Die Entwicklung von Schwung und Verstärkungen im Galopp funktioniert auch wieder über das Reiten von Übergängen. Wieder ist es wichtig, dass das Pferd einen guten, lebhaften, aber nicht eiligen Viertaktschritt geht. Der Reiter muss das Gefühl haben, jederzeit angaloppieren zu können. Nur wenn der Reiter die Hilfen im richtigen Augenblick gibt, wird schon der erste Galoppsprung schwungvoll sein. Lassen Sie uns annehmen, dass wir auf der linken Hand reiten und links angaloppieren wollen. Gibt es keinen Helfer an der Seitenlinie, der dem Reiter sagt, wann der richtige Moment zum Angaloppieren gekommn ist, hilft ein kleiner Trick: Schauen Sie auf die äußere rechte Pferdeschulter, wenn diese Schulter zurückgeht, dann ist der richtige Zeitpunkt für die Galopphilfe gekommen. Im selben Moment ist nämlich der äußere rechte Hinterfuß am Boden und drückt das Pferd in den Linksgalopp.

Der erste Galoppsprung muss genauso kraft- und schwungvoll wie der letzte sein.
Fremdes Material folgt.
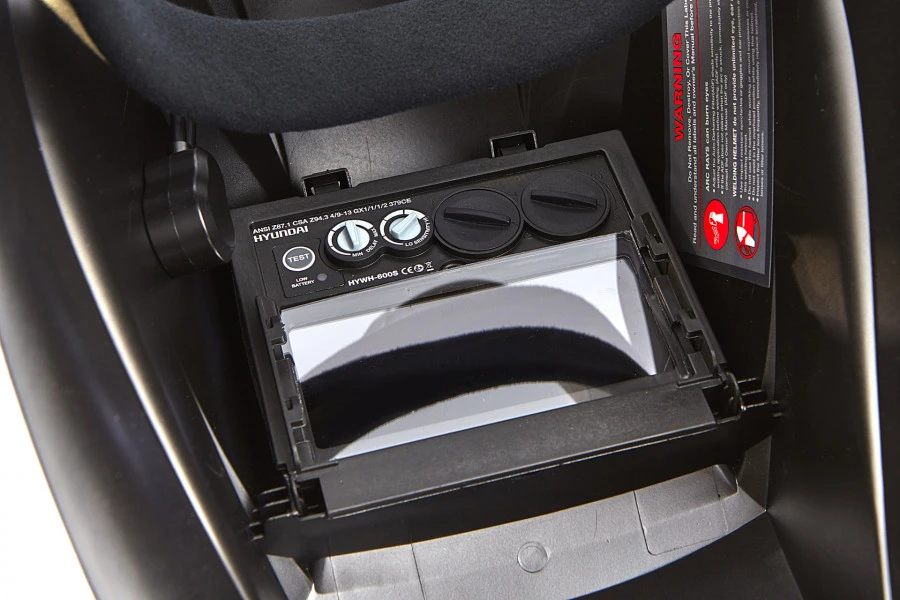 Hyundai Automatische Lashelm 2 Hyundai Automatische Lashelm - Afbeelding 2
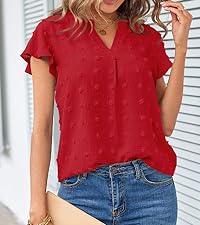 Fashion Summer Tops for Women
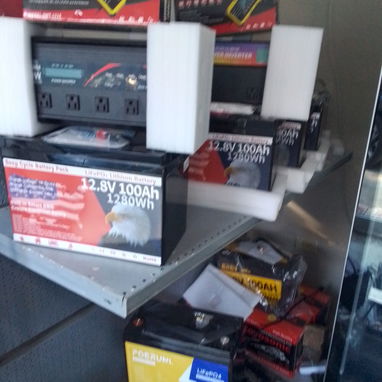 Ventas de Batería lifepo4, ácido y plomo convertidor, cargador - Img 123067111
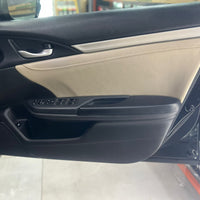 Honda Civic X Oriel Turbo (2016) Sporty, Sleek & Powerful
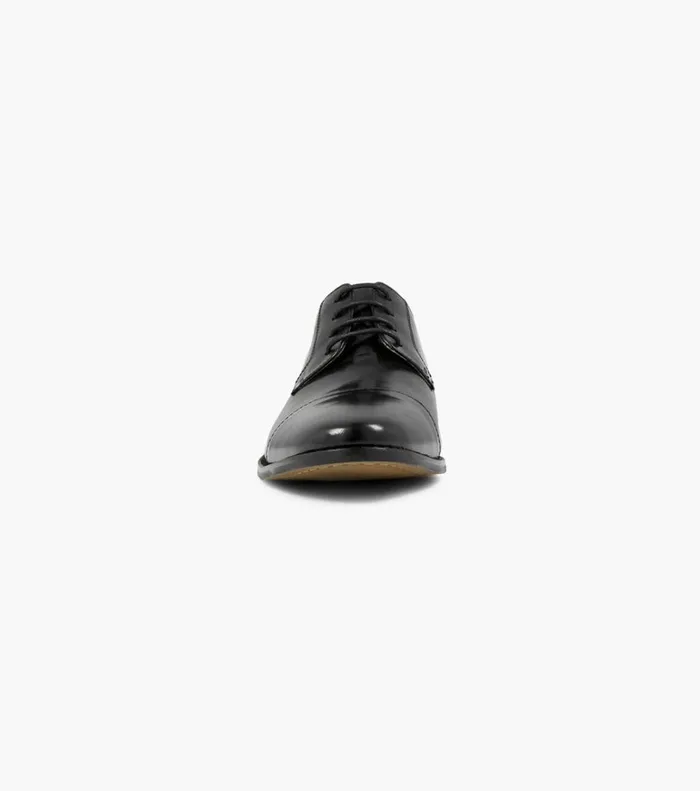 Florsheim Dress Shoes Matera Cap Toe Oxford Black 8211 Men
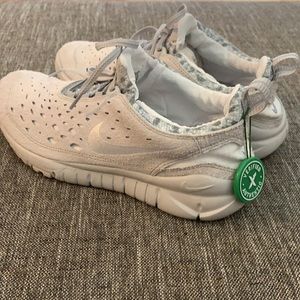 Nike Free Run Trail Neutral Grey Summit White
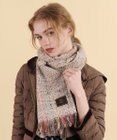 TOCCA 【フランス製】TWEED STOLE ストール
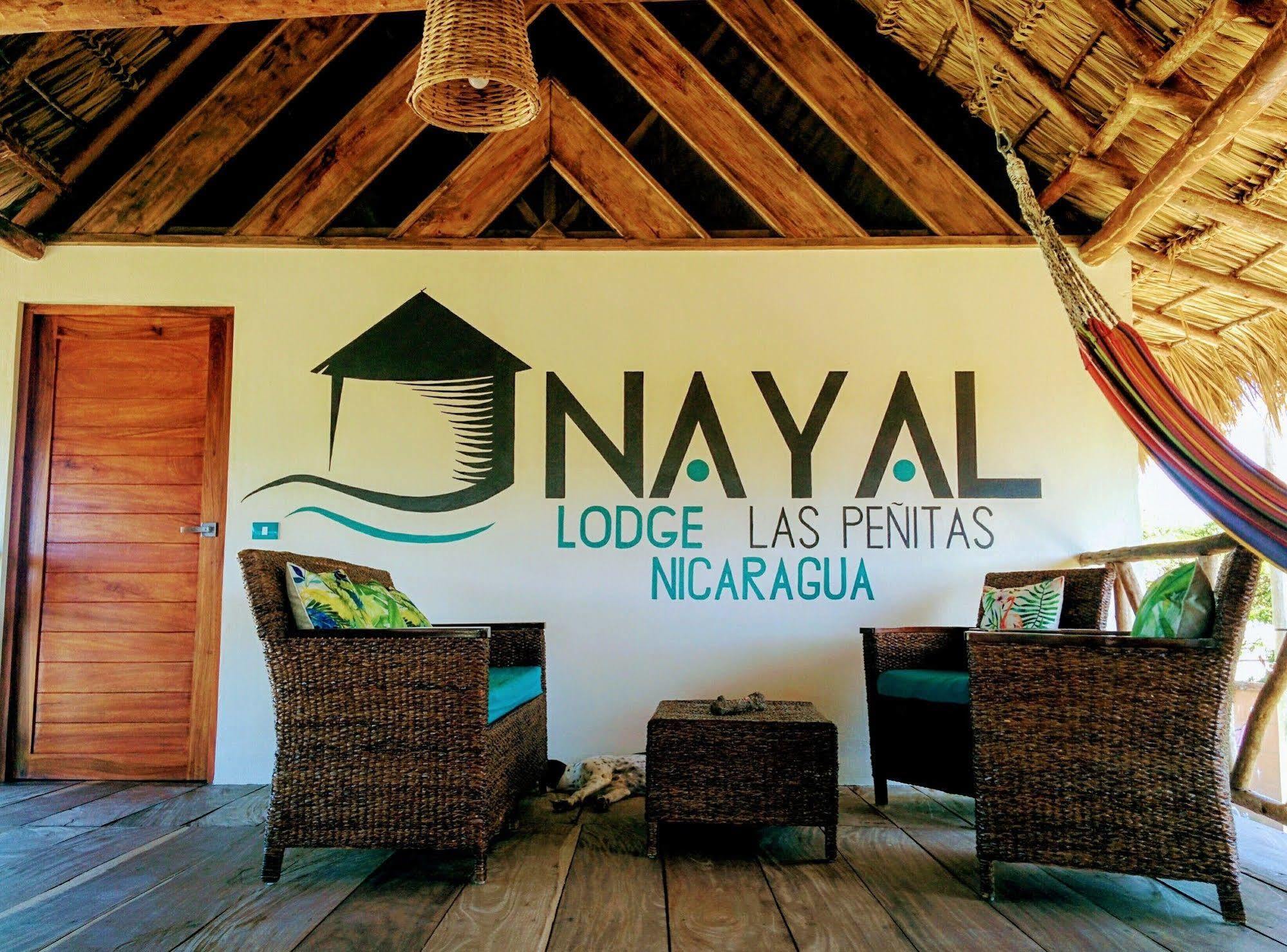 Nuevo Nayal Hotel Las Peñitas Екстериор снимка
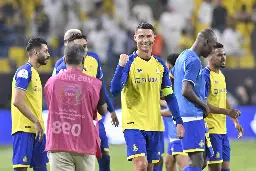 Ronaldo: Saudi Pro League is 'much better' than MLS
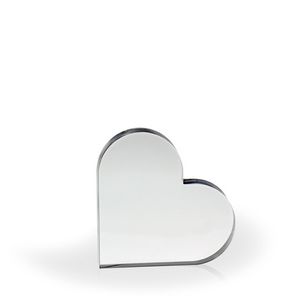 Mercy Acrylic Paperweight Award - UV Printed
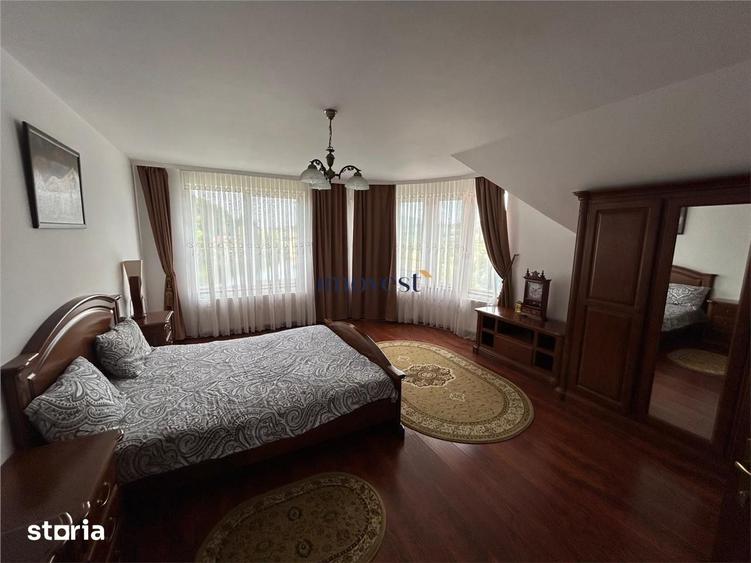 Casă cu 5 camere cu Teren 621 Mp în Orașu Nou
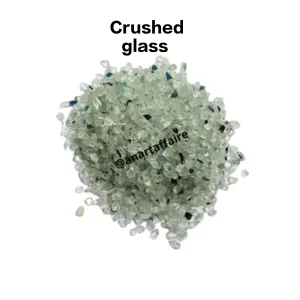 Crushed Glass (l-green)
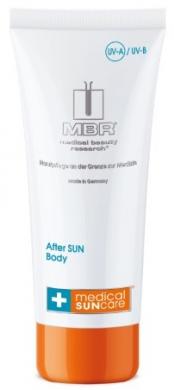 MBR - Medical Beauty Research medical SUN care After SUN Body 200 ml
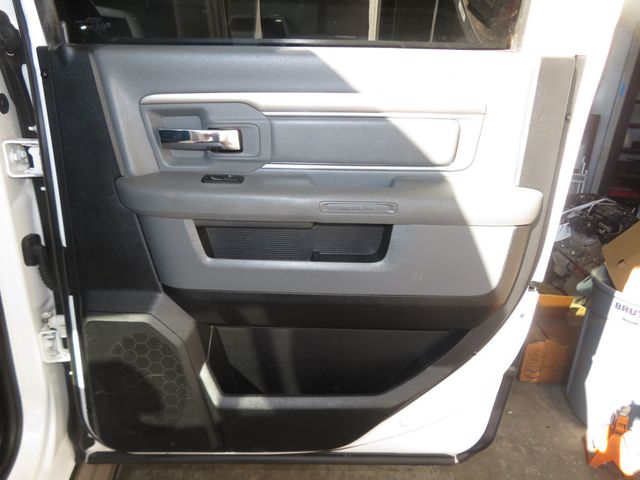 2015 Ram 2500 4X4 CREWCAB CUMMINS DIESEL SLT EXTRA CLEAN 1OWNER AZ TRUCK  - 22951462 - 28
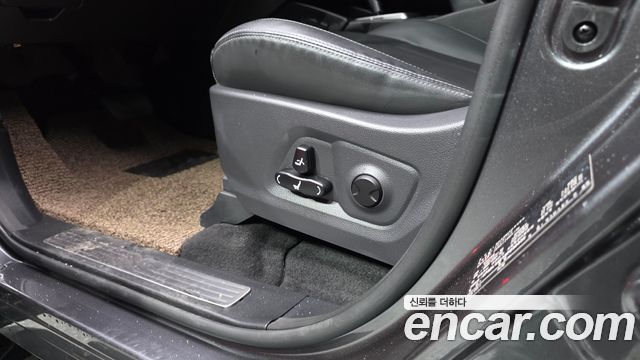 KG Mobility Rexton 2024 — photo 24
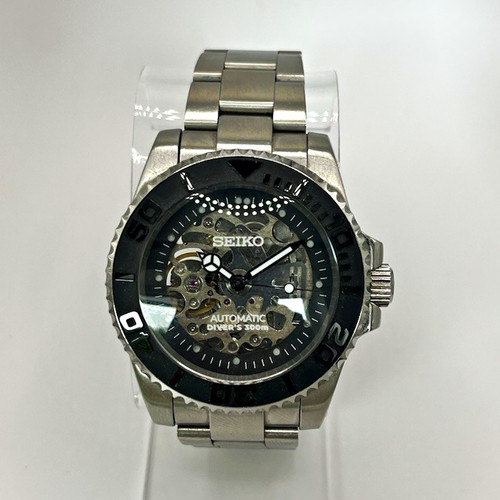 Seiko prospex nh70a automatic - nh70a,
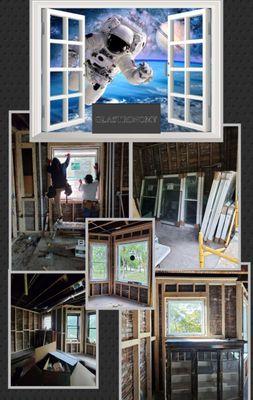 Glastronomy Windows, Entry Doors, & Siding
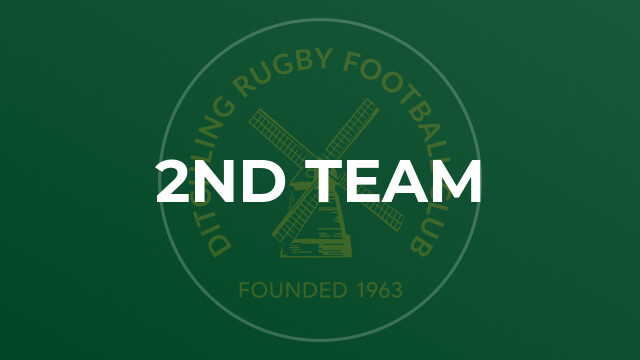 2nd Team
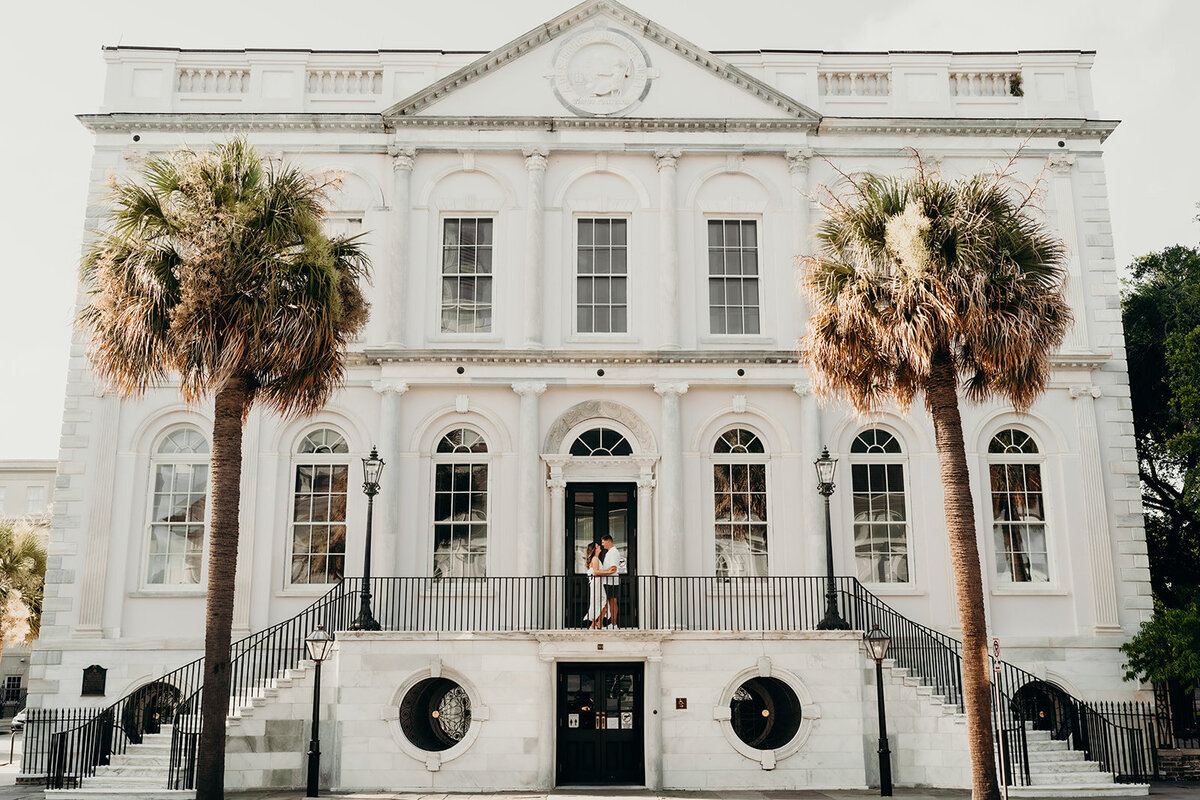 Charleston Elopement Photographer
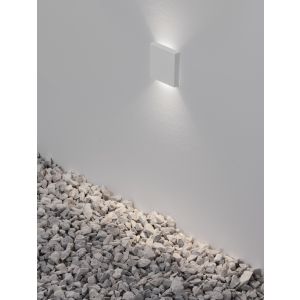 IKO Sandy White Polycarbonate LED 1Watt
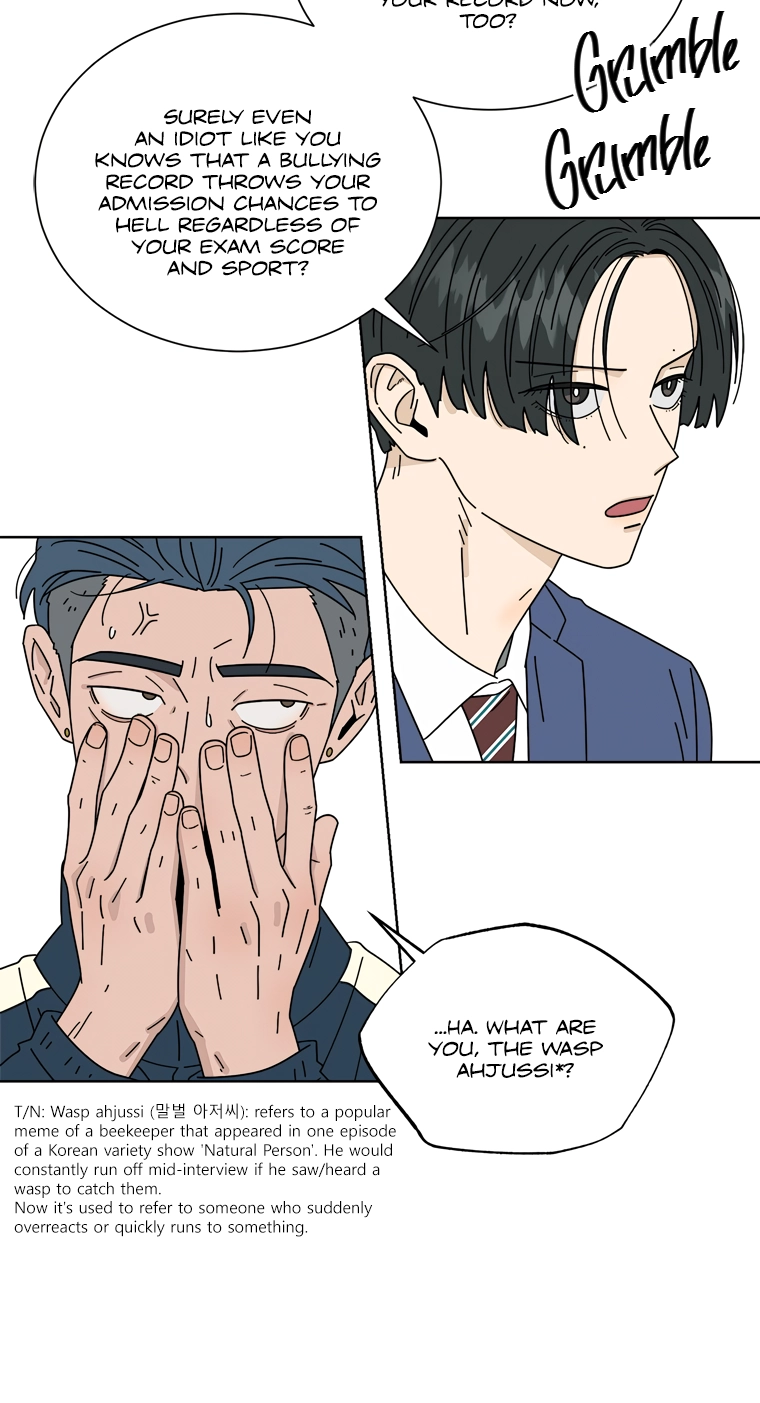 Read First Love Makeover Log chapter 3 image 9 on Lezhin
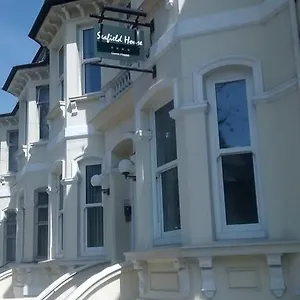 4* Maison d'hôtes Seafield House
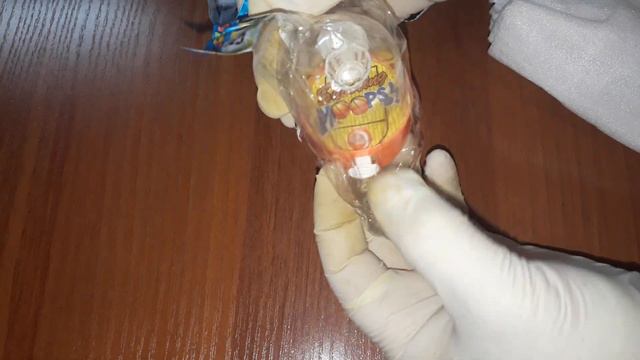 Антистрессовая игрушка "Мини баскетбол" смотреть онлайн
Jeder Galoppsprung ist ein neues Angaloppieren. Dabei muss der Reiter stets das Gefühl haben, auf einen Berg hinaufreiten zu wollen. „Reiten Sie in den Himmel und nicht in die Hölle“, sage ich im Unterricht zu meinen Schülern.

Hat der Reiter durch sehr häufiges Angaloppieren den richtigen Moment herausgefunden, darf er nicht mehr auf die Schulter sehen, sondern muss sich auf sein Gefühl verlassen, wann er die Hilfe zum Angaloppieren geben muss. Genauso muss er wissen, wann der richtige Moment für die Hilfe zum Durchparieren gegeben ist. Erinnern wir uns an das Schaukelpferd, das erst hinten nach unten und dann vorne hoch geht. So ein ähnliches Gefühl hat man in der Galoppade. Der richtige Moment, das Pferd zum Schritt durchzuparieren, ist, wenn das Pferd vorne hoch kommt – dann ist automatisch die Hinterhand tief. Dies ist der Moment, um das Pferd durch leichtes Gegenhalten – und je nach Rittigkeit des Pferdes – durch eine oder mehrere halbe Paraden am inneren Zügel zum Schritt durchzuparieren. Warum soll man die halben Paraden am inneren Zügel geben? Der Grund dafür ist, den Galoppsprung zu stoppen. Gibt man die halben Paraden am äußeren Zügel, würde das Pferd dieses eher als versammelte Hilfe verstehen, kürzer werden, aber nicht durchparieren. Die halbe Parade außen gibt man, um den Galoppsprung zu verbessern und zu verkürzen. Das Pferd soll dadurch schwungvoller unterspringen.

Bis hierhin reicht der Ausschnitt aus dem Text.